__INSTRUCTIONS TO FOLLOW__.
Set the listing down unchanged, minus every embedded image.

__SOURCE MATERIAL__.
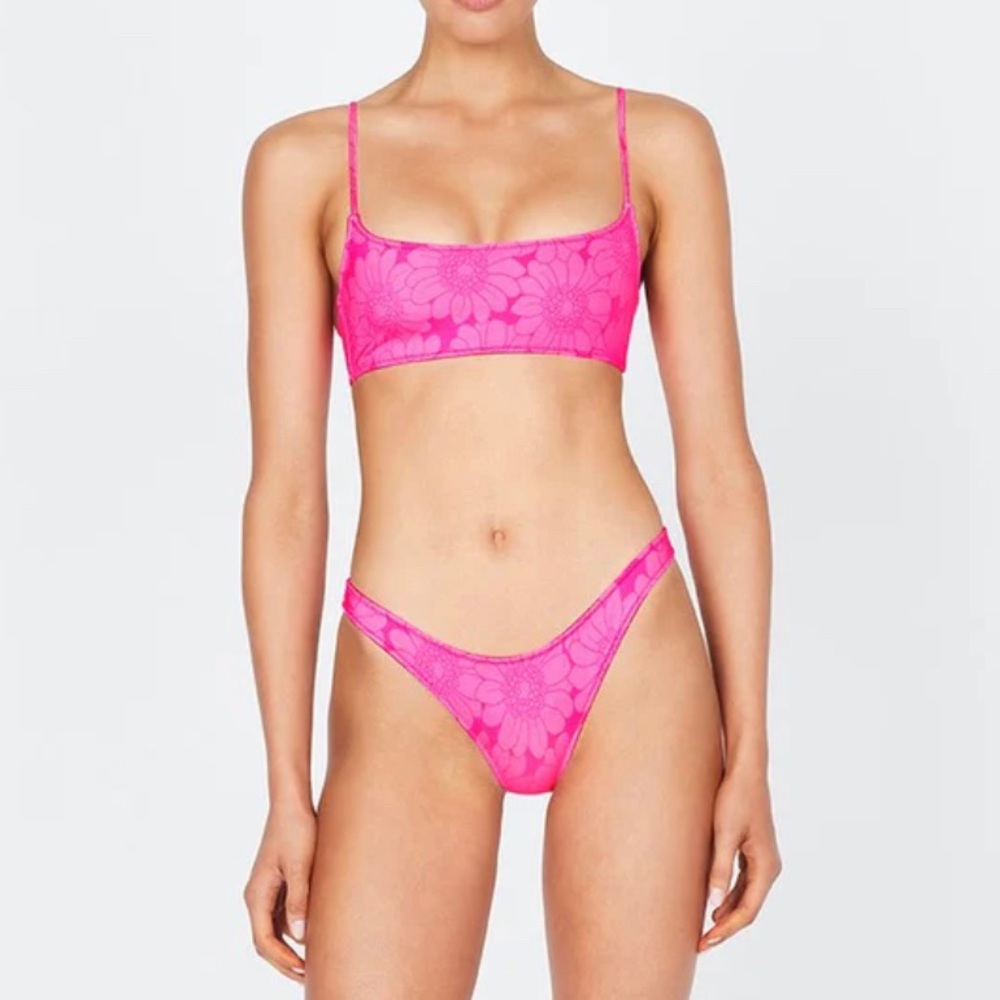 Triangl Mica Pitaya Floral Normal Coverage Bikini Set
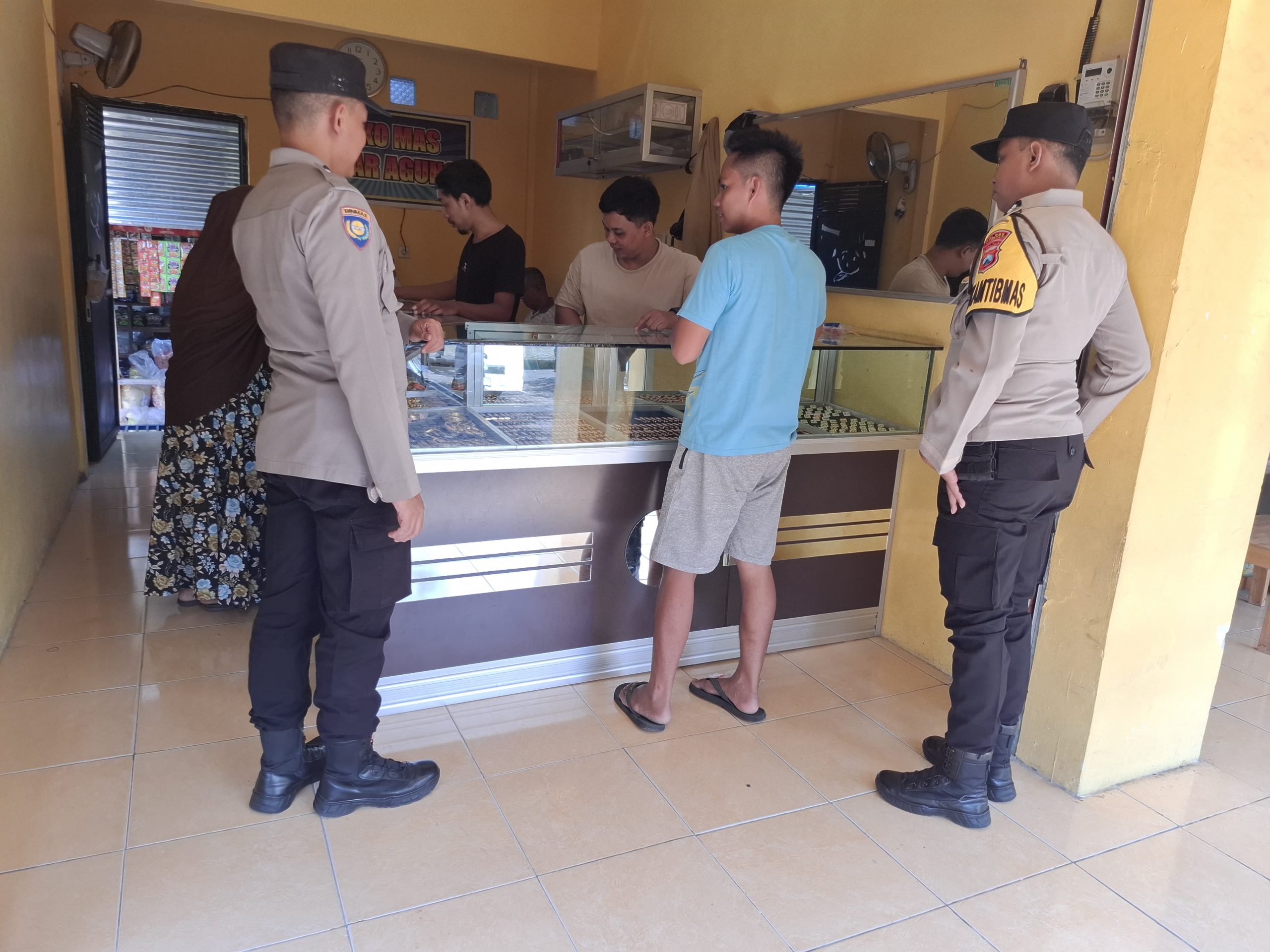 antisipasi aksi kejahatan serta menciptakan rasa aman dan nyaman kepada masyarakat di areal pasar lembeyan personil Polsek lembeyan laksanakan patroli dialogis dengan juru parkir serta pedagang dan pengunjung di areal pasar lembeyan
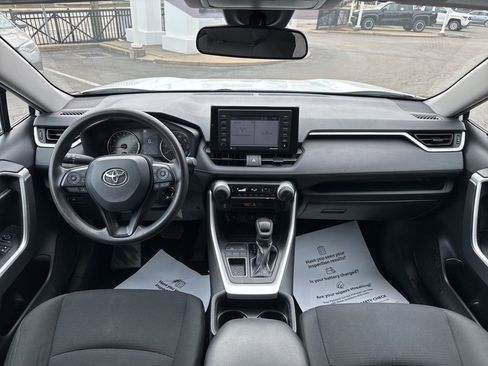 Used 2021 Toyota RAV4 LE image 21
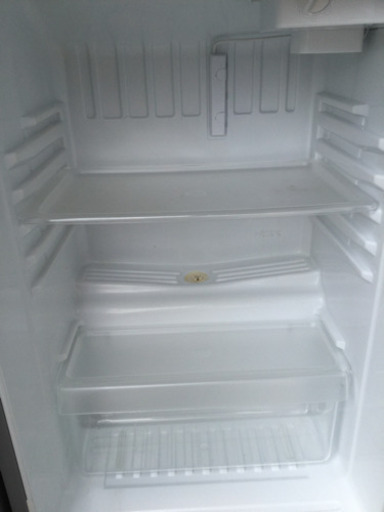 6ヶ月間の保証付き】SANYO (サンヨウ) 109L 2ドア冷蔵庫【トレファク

__RESULT__.
 Triangl Mica Pitaya Floral Normal Coverage Bikini Set
 antisipasi aksi kejahatan serta menciptakan rasa aman dan nyaman kepada masyarakat di areal pasar lembeyan personil Polsek lembeyan laksanakan patroli dialogis dengan juru parkir serta pedagang dan pengunjung di areal pasar lembeyan
 Used 2021 Toyota RAV4 LE image 21
 6ヶ月間の保証付き】SANYO (サンヨウ) 109L 2ドア冷蔵庫【トレファク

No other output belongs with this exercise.